APS General Administration includes all the Divisions that operate at a purely centralized and administrative level. They include the Board of Education, Superintendent’s Office, Strategy & Development, Associate Superintendent, Finance, Human Resources, Legal and Information Technology. Below is a Chart that summarizes General Administration budgets by function and includes one, two and three year changes. A more detailed presentation by Department is shown at the bottom of the post.

APS FY14 GA Summary

A review of the information on these functions generates the following questions and comments:

  1. Board of Education – they have trimmed their support staff by one in FY14 and reduced the level of Professional Services – nothing left to cut here.
  2. Superintendent’s Office – The Associate Superintendent has been shifted from his Division to here, however, no change in the Salaries. Not sure why this is the case.
  3. Strategy & Development – As I have noted before, the FY14 Budget increase is a surprise as the major strategic planning effort was completed last year. Over the last three years, staffing has increased from 10 to 15 and the total budget has increased by 40% over the same period.

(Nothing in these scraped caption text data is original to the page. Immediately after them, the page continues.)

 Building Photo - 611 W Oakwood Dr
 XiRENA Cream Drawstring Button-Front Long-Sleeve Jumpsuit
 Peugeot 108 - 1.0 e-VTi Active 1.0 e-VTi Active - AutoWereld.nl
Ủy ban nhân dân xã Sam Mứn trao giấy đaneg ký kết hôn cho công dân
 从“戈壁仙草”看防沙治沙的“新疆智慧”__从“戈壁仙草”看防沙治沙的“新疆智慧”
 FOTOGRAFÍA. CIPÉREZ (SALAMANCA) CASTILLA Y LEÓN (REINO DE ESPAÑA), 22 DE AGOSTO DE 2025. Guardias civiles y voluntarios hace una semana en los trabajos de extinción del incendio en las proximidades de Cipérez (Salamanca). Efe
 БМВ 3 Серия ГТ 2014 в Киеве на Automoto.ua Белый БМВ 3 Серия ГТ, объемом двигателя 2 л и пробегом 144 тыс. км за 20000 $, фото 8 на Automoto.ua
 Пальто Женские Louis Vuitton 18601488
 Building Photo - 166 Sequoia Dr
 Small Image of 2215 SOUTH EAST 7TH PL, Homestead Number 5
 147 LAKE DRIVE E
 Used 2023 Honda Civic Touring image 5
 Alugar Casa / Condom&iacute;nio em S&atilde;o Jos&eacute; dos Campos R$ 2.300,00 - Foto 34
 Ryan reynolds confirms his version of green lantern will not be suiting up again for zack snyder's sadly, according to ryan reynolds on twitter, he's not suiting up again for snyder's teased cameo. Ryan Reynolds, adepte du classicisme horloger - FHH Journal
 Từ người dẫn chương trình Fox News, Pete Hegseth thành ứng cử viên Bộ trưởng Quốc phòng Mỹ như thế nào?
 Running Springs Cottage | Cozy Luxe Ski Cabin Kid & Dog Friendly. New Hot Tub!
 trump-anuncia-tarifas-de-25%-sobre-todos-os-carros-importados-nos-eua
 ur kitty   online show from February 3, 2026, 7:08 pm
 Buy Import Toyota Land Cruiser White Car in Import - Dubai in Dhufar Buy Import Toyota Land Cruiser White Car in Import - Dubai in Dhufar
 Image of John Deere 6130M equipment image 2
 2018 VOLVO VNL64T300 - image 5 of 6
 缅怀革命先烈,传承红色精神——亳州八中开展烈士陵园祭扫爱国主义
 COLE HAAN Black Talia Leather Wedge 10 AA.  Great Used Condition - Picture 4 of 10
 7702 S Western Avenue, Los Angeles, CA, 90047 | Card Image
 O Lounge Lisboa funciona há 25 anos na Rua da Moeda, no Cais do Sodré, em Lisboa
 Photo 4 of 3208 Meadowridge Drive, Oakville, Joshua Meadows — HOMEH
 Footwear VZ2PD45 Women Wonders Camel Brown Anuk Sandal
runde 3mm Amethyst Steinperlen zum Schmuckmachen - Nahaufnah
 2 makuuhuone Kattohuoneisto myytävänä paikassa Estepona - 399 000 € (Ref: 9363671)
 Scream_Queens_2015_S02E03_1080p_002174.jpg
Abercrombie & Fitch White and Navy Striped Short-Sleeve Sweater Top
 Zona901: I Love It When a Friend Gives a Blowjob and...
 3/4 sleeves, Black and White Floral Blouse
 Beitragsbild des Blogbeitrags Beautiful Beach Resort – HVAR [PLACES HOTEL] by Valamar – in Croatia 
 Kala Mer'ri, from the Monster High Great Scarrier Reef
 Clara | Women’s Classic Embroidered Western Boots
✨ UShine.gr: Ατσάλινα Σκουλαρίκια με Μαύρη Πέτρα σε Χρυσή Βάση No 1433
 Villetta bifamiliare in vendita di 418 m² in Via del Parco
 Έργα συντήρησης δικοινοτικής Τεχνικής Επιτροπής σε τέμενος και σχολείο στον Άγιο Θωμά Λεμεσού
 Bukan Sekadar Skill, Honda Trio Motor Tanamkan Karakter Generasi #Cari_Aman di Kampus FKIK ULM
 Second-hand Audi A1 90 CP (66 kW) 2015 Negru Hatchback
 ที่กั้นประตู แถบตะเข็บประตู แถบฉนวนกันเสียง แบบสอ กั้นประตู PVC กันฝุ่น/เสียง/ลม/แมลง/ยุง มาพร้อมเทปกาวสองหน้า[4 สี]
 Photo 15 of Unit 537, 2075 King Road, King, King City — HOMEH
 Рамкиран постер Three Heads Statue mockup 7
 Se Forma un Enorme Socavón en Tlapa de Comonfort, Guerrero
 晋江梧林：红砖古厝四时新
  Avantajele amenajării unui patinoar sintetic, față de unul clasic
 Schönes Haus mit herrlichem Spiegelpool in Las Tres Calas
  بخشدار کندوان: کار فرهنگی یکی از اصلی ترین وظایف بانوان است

Most of the additions are Project Managers with the likely responsibility of implementing the Strategy. But isn’t this a primary job for the Division Heads? The Strategy group should be cut back to at most $750k, with a savings of over $1 million.
  4. Associate Superintendent – There has been a small reduction in the FY14 budget as compared to FY13. But as I noted above, where is the Associate Superintendents salary reported? It does not appear here nor does it seem to appear in the Superintendent’s Department.
  5. Finance Division – This is the only team that has really taken an ax to the budget. Over the last three years, CFO Burbridge has done an excellent job of reorganizing the team to be more efficient and has reduced cost by over 26%. Well done!
  6. Unemployment Benefits – APS is self-insured and each year has to write a check for the amount determined by the State. With the lay-offs that have occurred during the last couple of years, this number is up.
  7. Legal – This is another budget that does not make sense to me. The major costs of dealing with the CRCT scandal should be behind them as the disciplinary actions are finished and it is now in the hands of the State Prosecutor. Given this, why is their budget up $975k over the last two years? Clearly there is room here for at least a $1 million reduction and, likely more.
  8. Human Resources – In the last couple of months, the Board approved the reorganization of this Division and the addition of 10-12 staff members. As the head or HR is new in the position, he deserves a chance to prove he can make substantial improvements. However, he must clearly demonstrate over the next year that the investment has been worthwhile. Let’s wait and see.
  9. Information Technology – This Division continues to post large year over year decreases in spending. How is this being achieved? The big decreases are in Professional Services, Other Purchases Services and Supplies. Clearly, the major projects requiring outside assistance are winding down. However, there is one anomaly here – Salaries are up 6% even though there is no increase in staffing. How can this be? As in other Divisions, simply reorganize and move people into higher paid job titles! As I have noted before, “shuffling the deck chairs” can work towards their advantage! My recommendation – take away the incentive to do this and mandate a 10% cut in total compensation and save $750k. Then leave it up the Division head to determine if he wants more staff at lower salaries or less staff at higher salaries.

In summary, some good changes have occurred, but there is still a long way to go. Strategy & Development should be cut $1 million, Legal should be cut by at least $1 million and IT by at least $750k, for a total savings of $2.8 million. These savings can then be redirected towards teachers and towards resolving the “class size” issue.